If you know how to solve a 4x4 do you automatically know how to solve a 6x6? Or even a 7x7 or 5x5? I'm planning on buying some but I dont know if there is a difference or not. Also could you post a good tutorial on how to solve a 5x5 and up? Thanks


----------



## Musturd (Jun 25, 2009)

Basically you do, but you may have to alter an algorithm you learned for the 4x4 by a slice or two.
It wouldn't hurt watching a tutorial video for a bigger cube if you get stuck, though.


----------



## JLarsen (Jun 25, 2009)

I say once you can solve a 4x4 and 5x5 you can solve anything bigger.


----------



## Musje (Jun 25, 2009)

I've solved the 5x5 once (not mine, friend brought it to school)
Without any help, just my knowledge of 3x3 and 4x4 

But then I didn't have parity so that might be a problem (and took me like 3 minutes to get the last 2 edges lined up because I couldn't use my 4x4 method)


----------



## Edam (Jun 25, 2009)

7x7's last 2 centers can trip you up a little if you're not used to them, you have to understand what you're doing a bit more,


----------



## rjohnson_8ball (Jun 25, 2009)

A 4x4 does not equip you to handle the centers on big cubes. Try big cubes (like 7x7) for free first by downloading the free NxN cube program at gabbasoft.com.


----------



## Dene (Jun 26, 2009)

Not necessarily. If you understand what you are doing you will not have any trouble. But if you don't understand, like many people, you will not be able to do it.


----------



## mrCage (Jun 26, 2009)

Dene said:


> Not necessarily. If you understand what you are doing you will not have any trouble. But if you don't understand, like many people, you will not be able to do it.


 
Let's face it. Today most fresh cubers do not try to understand what they are doing. They simply want a fast recipe or method for their cube solving. No such recipe for 4x4x4/5x5x5 would equip you with tools for handling all the centers cases showing up on larger cubes. If you fully understand the method you have learnt you would be better equipped, yes.

Extreme speed solving does not provide you with in depth knowledge applicable to universal puzzle solving. For that you'd be better off learning general solving skills like analysing cycical decomposition of the available turns, commutator construction etc etc ...

Per


----------



## AvGalen (Jun 26, 2009)

Let's face it. Most cubers never tried to understand what they were doing, ever. This isn't something that is different with this generation of cubers.

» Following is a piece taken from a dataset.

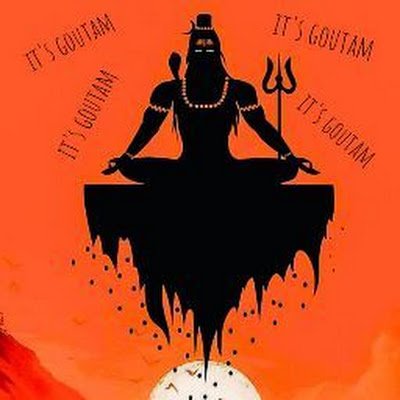 FauG94643819's profile picture.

When I got my hands on a 3x3x3 I couldn't figure it out myself and learned my first method. I didn't understand the "rules of the cube", orientation or anything I consider common knowledge right now. All I understood intuitively was that "centers didn't move, piece (not stickers) had to go to a fixed place and that blockbuilding or layering would be a way to solve it

I figured out how to do many other puzzles (magics, clock, pyraminx, nintendo barrel and variations and even square-1) before I finally decided to find a way of solving a 3x3x3 myself (I called them pretty algs, turned out they were mostly commutatorbased algs)

Today, I wouldn't know what cycical (cyclic?) decomposition would be.


----------



## rahulkadukar (Jun 26, 2009)

I believe it depends on the method. If you are using a very basic beginners method for 4x4x4 and 5x5x5 and know what is going on then you can solve any cube


----------



## AvGalen (Jun 26, 2009)

rahulkadukar said:


> I believe it depends on the method. If you are using a very basic beginners method for 4x4x4 and 5x5x5 and know what is going on then you can solve any cube


At first I used a layer-by-layer method from 3x3x3 on bigger cubes. This works just fine without the need to learn anything new (except parity)

And for PLL-parity on 4x4x4 I actually discovered that "rebuilding the centers shifted by one" (so instead of red-green-orange-blue I build green-orange-blue-red, like on a void-cube) worked. I found out much later that that was because that equalled a quarter turn move (D or D')

I don't remember how I solved OLL Parity anymore. I think I swapped 2 centers and then restored them in another way.

But if you learn and understand a reduction method (centers, edge-pairing, 3x3x3, parity) or a corners first method for 4x4x4 you can solve any size cube after some playing around


----------